To determine the exact timing of expression of the vtRNAs, C127 cells were infected with virus stocks prepared from lysates of MHV-68-infected BHK cells. RT-PCR carried out on the extracted RNA indicated the presence of vtRNA1 from 30 min to 24 h postinfection (hpi) (Fig. 1A). The presence of the vtRNA as early as 30 min following addition of the virions was surprising.

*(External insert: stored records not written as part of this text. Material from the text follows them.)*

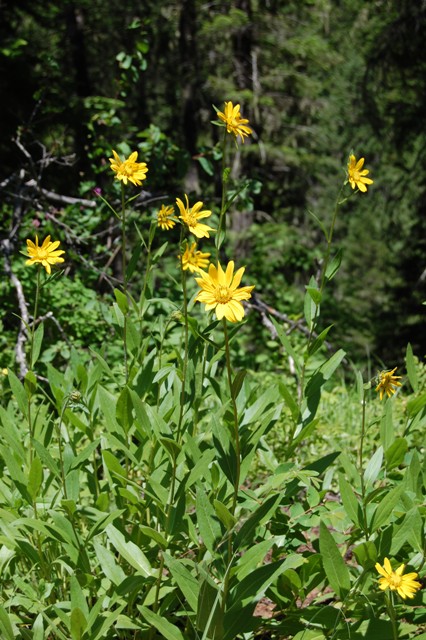 Helianthella uniflora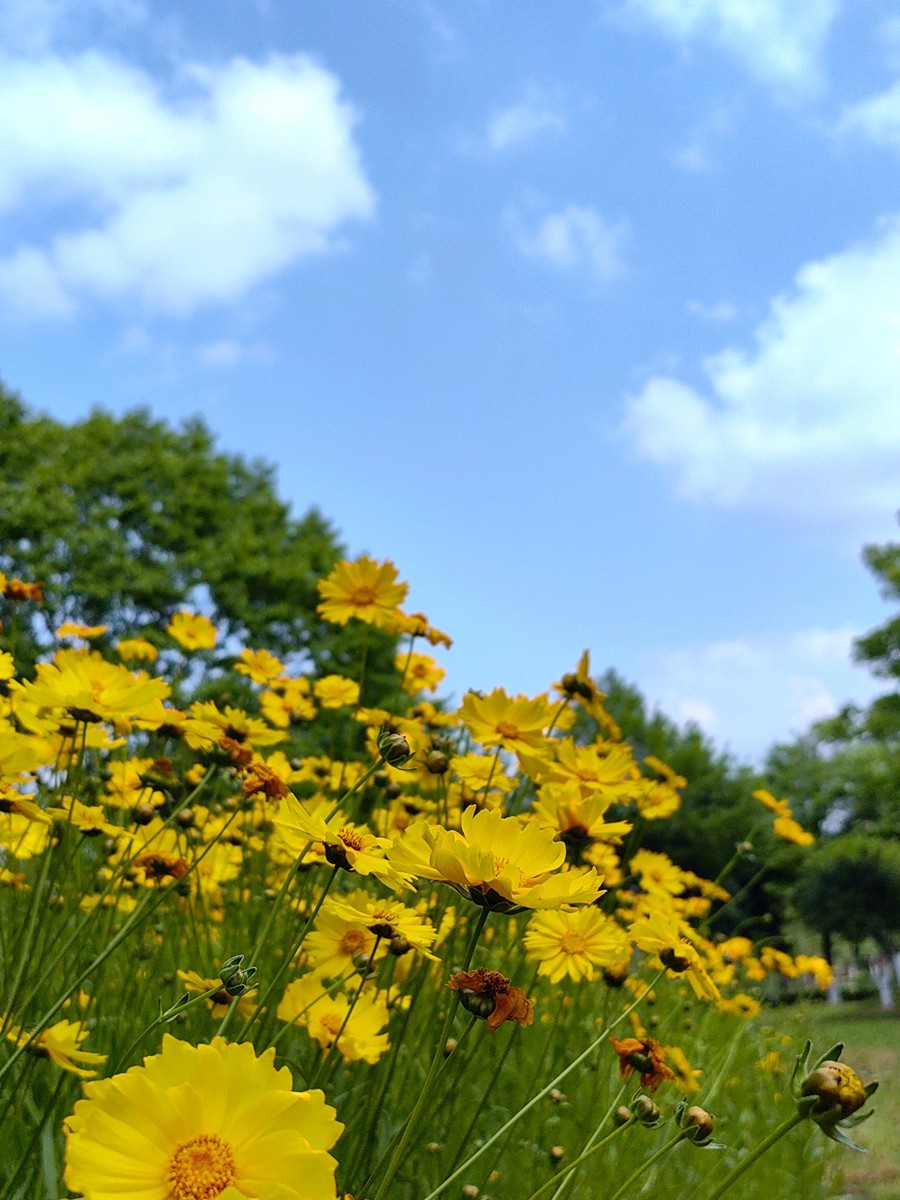 假日宁波帮公园随拍
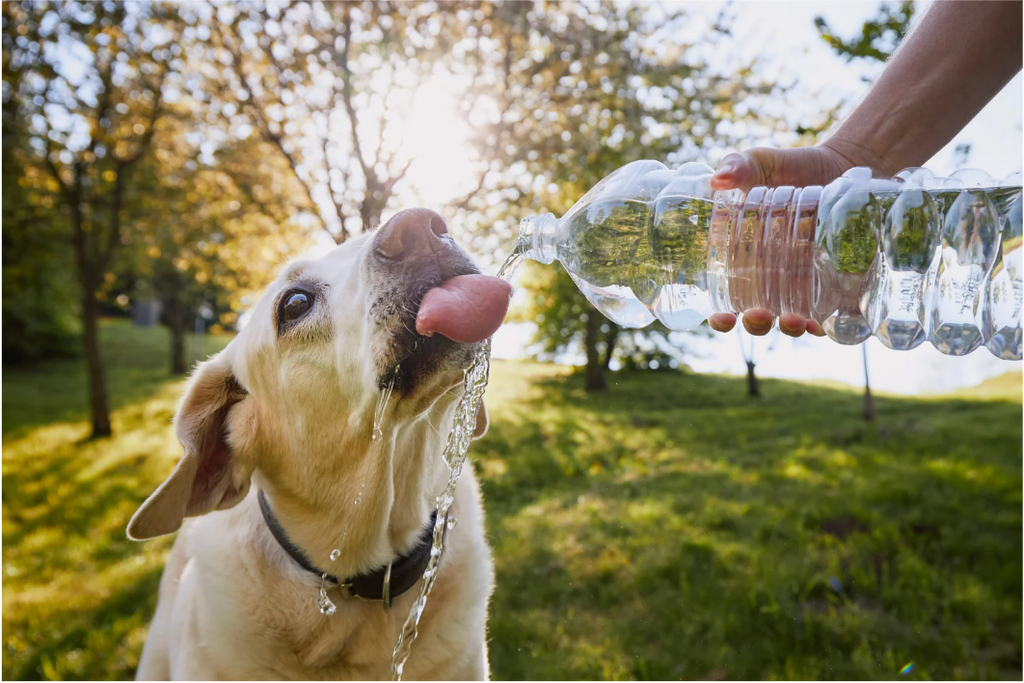 Perro tomando agua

Although it was possible that viral gene expression could have taken place by this time, it was perhaps more likely that the vtRNAs were present within the virus preparation. In order to investigate whether this was the case, RNA was extracted from both the cell lysate MHV-68 stock and infected cells at 0 hpi and was found to contain vtRNA1 by RT-PCR (Fig. 1B). Given that the virus stock used for the infection was produced from a crude cellular lysate of infected BHK-21 cells, it was possible that the vtRNAs could have been present in the stock. However, as human cytomegalovirus (HCMV), herpes simplex virus type 1 (HSV-1), and KSHV virions have all been found to incorporate RNA (2, 4, 26), it was possible that the vtRNAs were packaged within the MHV-68 virion.
FIG. 1.
(A) Expression of vtRNA1 in C127 cells infected with MHV-68. C127 cells were infected at an MOI of 5 PFU/cell, and at various times, the RNA was harvested and subjected to RT-PCR for vtRNA1. Experiments were carried out in the presence (+RT) or absence (−RT) of reverse transcriptase. (B) RNA was isolated from the virus stock and from infected cells at 0 hpi and subjected to RT-PCR for vtRNA1.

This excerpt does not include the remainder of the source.